» TASK TO COMPLETE
Retype exactly the lines of the material below, from the one containing "Elegant Pearl Necklace with" through the last, with both ends kept.

» DATA EXTRACTS
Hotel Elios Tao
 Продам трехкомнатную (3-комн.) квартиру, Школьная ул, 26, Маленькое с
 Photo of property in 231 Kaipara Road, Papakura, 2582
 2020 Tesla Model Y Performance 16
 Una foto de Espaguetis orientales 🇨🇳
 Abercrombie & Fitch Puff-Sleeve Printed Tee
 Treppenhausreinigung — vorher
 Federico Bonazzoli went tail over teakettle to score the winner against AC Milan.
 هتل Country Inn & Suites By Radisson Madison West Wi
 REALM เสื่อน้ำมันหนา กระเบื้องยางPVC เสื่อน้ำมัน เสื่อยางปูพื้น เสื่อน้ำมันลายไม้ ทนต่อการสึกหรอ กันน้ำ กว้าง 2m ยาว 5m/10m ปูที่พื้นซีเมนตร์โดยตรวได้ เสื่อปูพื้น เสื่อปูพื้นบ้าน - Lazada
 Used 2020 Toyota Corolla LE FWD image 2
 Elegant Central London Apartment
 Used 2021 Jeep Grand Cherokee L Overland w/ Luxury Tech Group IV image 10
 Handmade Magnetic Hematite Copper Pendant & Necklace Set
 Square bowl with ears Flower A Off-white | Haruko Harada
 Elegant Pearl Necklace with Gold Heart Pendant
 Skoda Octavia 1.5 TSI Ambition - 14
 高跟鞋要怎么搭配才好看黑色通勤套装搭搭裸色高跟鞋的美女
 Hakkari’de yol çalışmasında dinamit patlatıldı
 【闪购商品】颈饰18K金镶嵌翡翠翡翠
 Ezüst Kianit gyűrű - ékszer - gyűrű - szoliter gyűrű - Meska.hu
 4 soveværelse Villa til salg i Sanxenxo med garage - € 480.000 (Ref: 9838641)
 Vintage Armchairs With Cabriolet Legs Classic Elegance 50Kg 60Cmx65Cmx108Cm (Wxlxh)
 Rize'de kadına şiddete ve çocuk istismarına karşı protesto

» ANSWER AREA
 Elegant Pearl Necklace with Gold Heart Pendant
 Skoda Octavia 1.5 TSI Ambition - 14
 高跟鞋要怎么搭配才好看黑色通勤套装搭搭裸色高跟鞋的美女
 Hakkari’de yol çalışmasında dinamit patlatıldı
 【闪购商品】颈饰18K金镶嵌翡翠翡翠
 Ezüst Kianit gyűrű - ékszer - gyűrű - szoliter gyűrű - Meska.hu
 4 soveværelse Villa til salg i Sanxenxo med garage - € 480.000 (Ref: 9838641)
 Vintage Armchairs With Cabriolet Legs Classic Elegance 50Kg 60Cmx65Cmx108Cm (Wxlxh)
 Rize'de kadına şiddete ve çocuk istismarına karşı protesto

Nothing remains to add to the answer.